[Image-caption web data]
>>

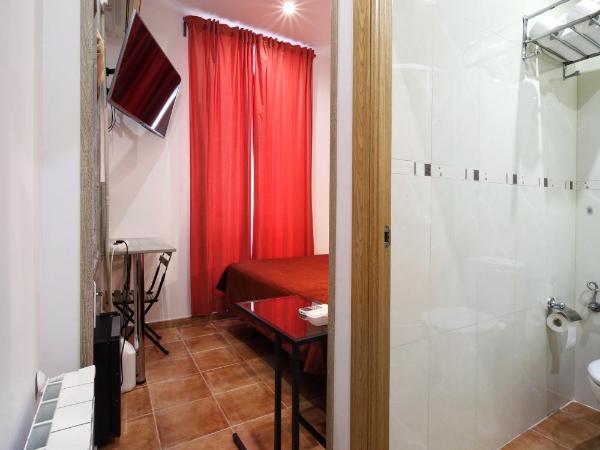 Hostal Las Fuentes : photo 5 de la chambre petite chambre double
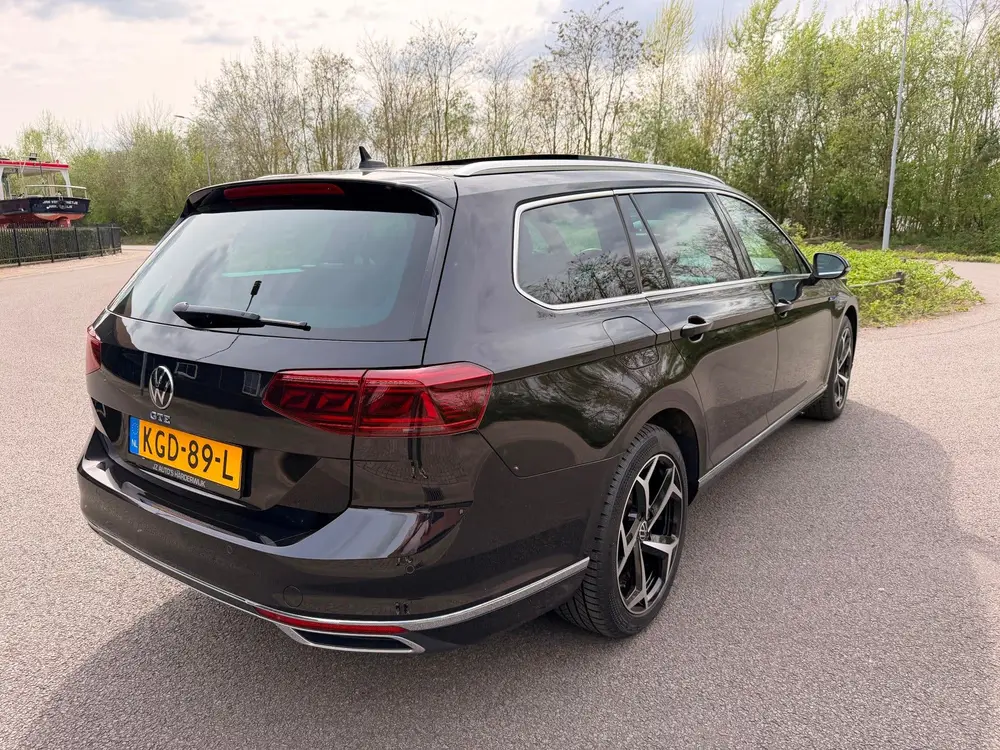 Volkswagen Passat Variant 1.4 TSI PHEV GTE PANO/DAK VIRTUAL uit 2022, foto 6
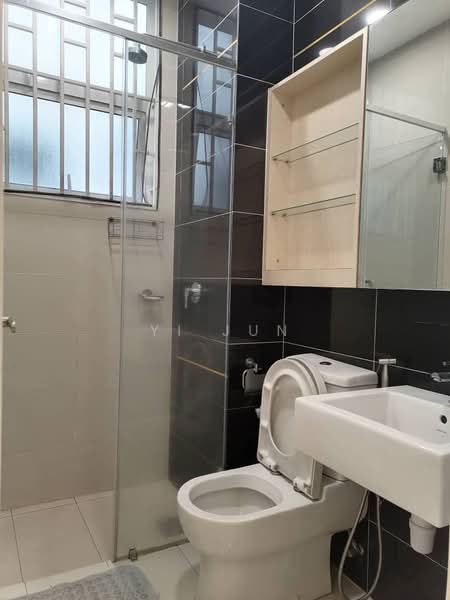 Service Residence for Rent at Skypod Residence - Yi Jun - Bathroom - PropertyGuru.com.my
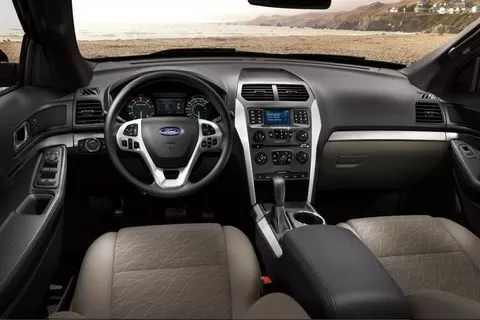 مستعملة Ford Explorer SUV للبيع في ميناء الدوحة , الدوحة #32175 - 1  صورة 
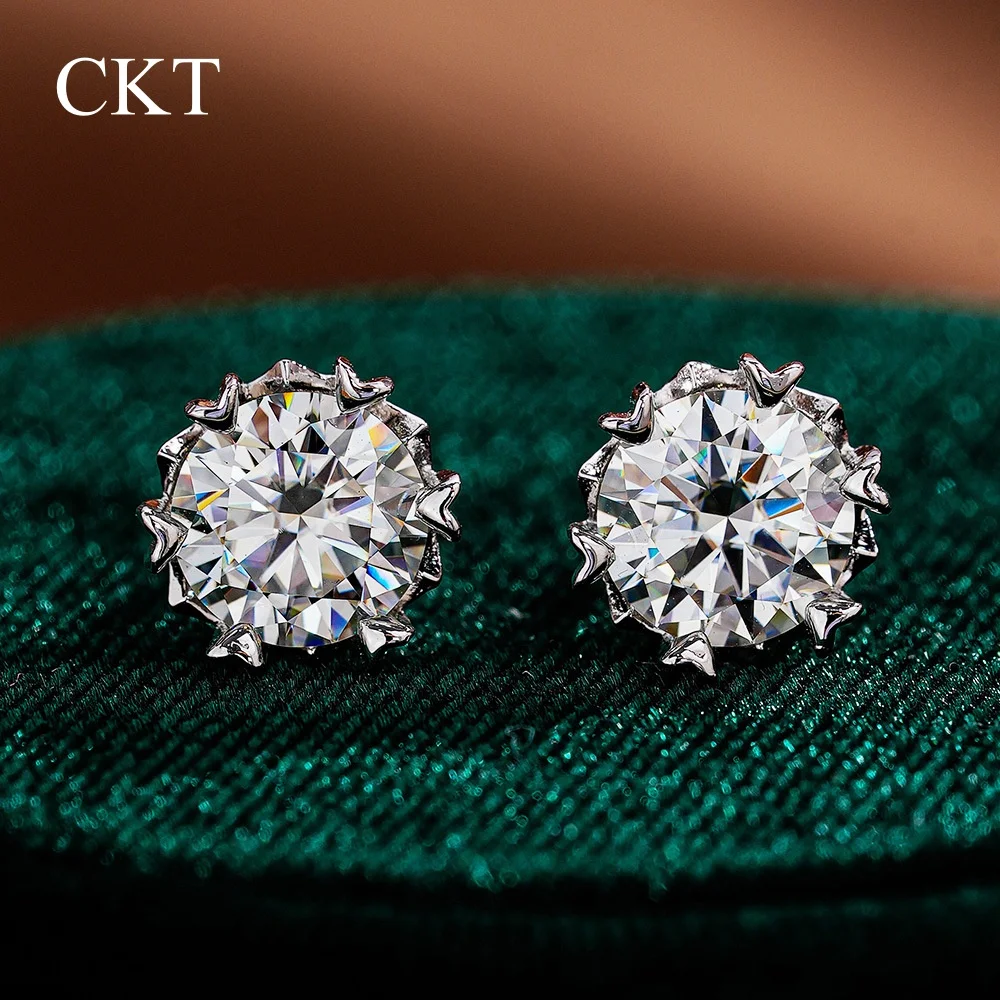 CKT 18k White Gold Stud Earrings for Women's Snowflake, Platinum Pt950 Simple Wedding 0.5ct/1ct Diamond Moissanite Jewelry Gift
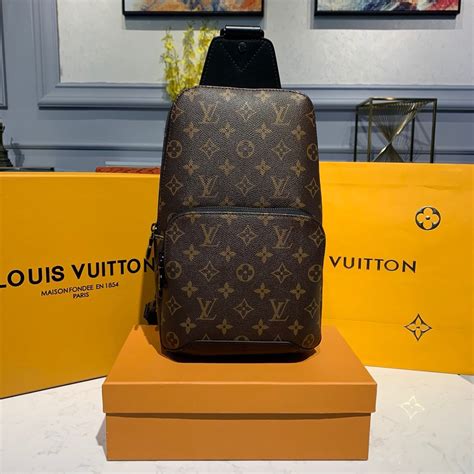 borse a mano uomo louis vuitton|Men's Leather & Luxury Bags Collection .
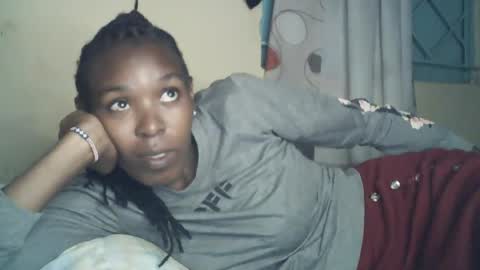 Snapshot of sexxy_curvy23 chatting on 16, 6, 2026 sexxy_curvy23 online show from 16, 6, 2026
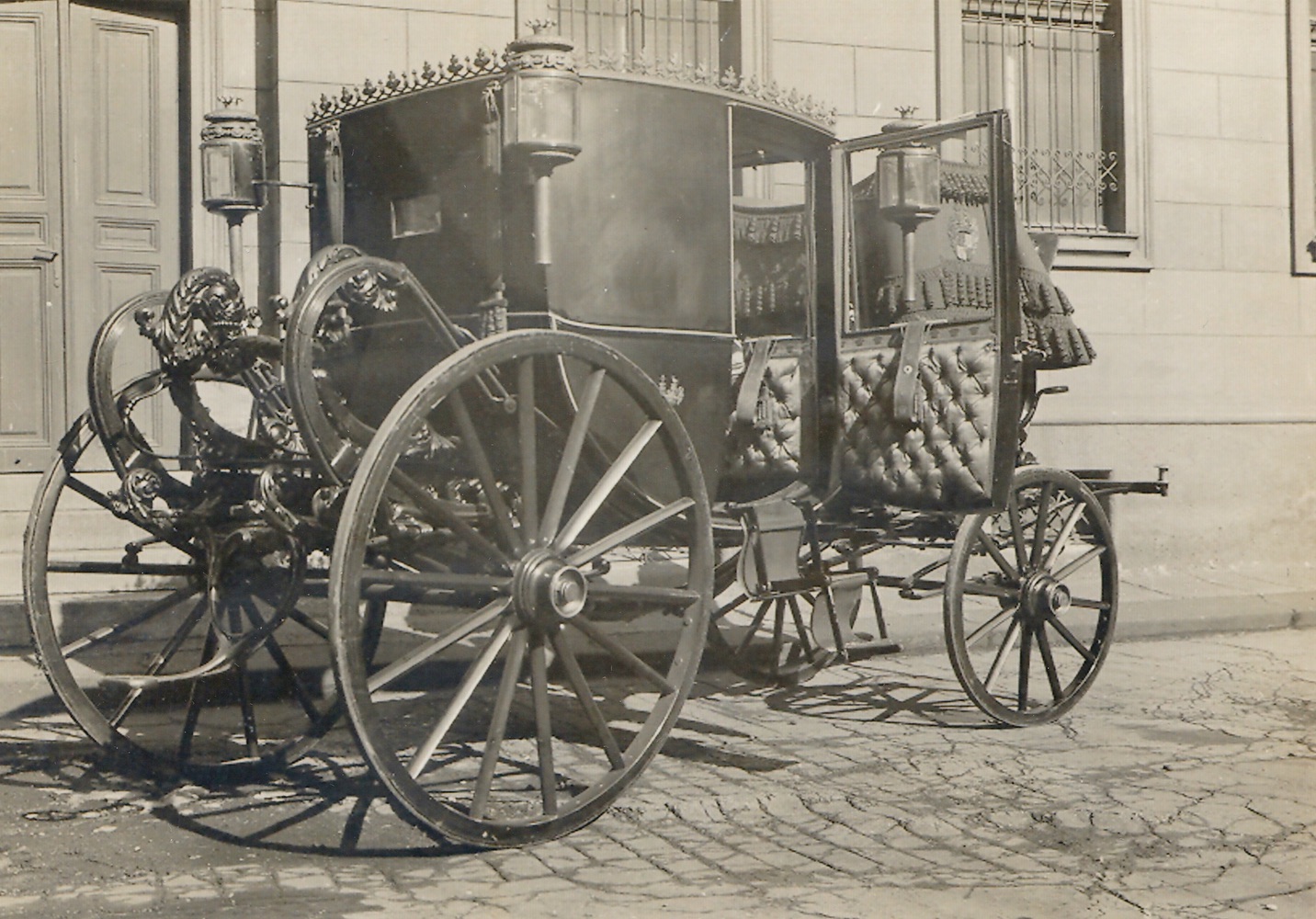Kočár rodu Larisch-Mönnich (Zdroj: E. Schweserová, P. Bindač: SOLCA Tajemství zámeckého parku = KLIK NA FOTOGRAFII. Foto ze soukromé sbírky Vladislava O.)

<<

__PROBLEM__. Beginning with the line that contains "borse a mano", print exactly every line through the end of the records, both included. Omit the pictures.

__TASK OUTPUT__.
 borse a mano uomo louis vuitton|Men's Leather & Luxury Bags Collection .
 Snapshot of sexxy_curvy23 chatting on 16, 6, 2026 sexxy_curvy23 online show from 16, 6, 2026
Kočár rodu Larisch-Mönnich (Zdroj: E. Schweserová, P. Bindač: SOLCA Tajemství zámeckého parku = KLIK NA FOTOGRAFII. Foto ze soukromé sbírky Vladislava O.)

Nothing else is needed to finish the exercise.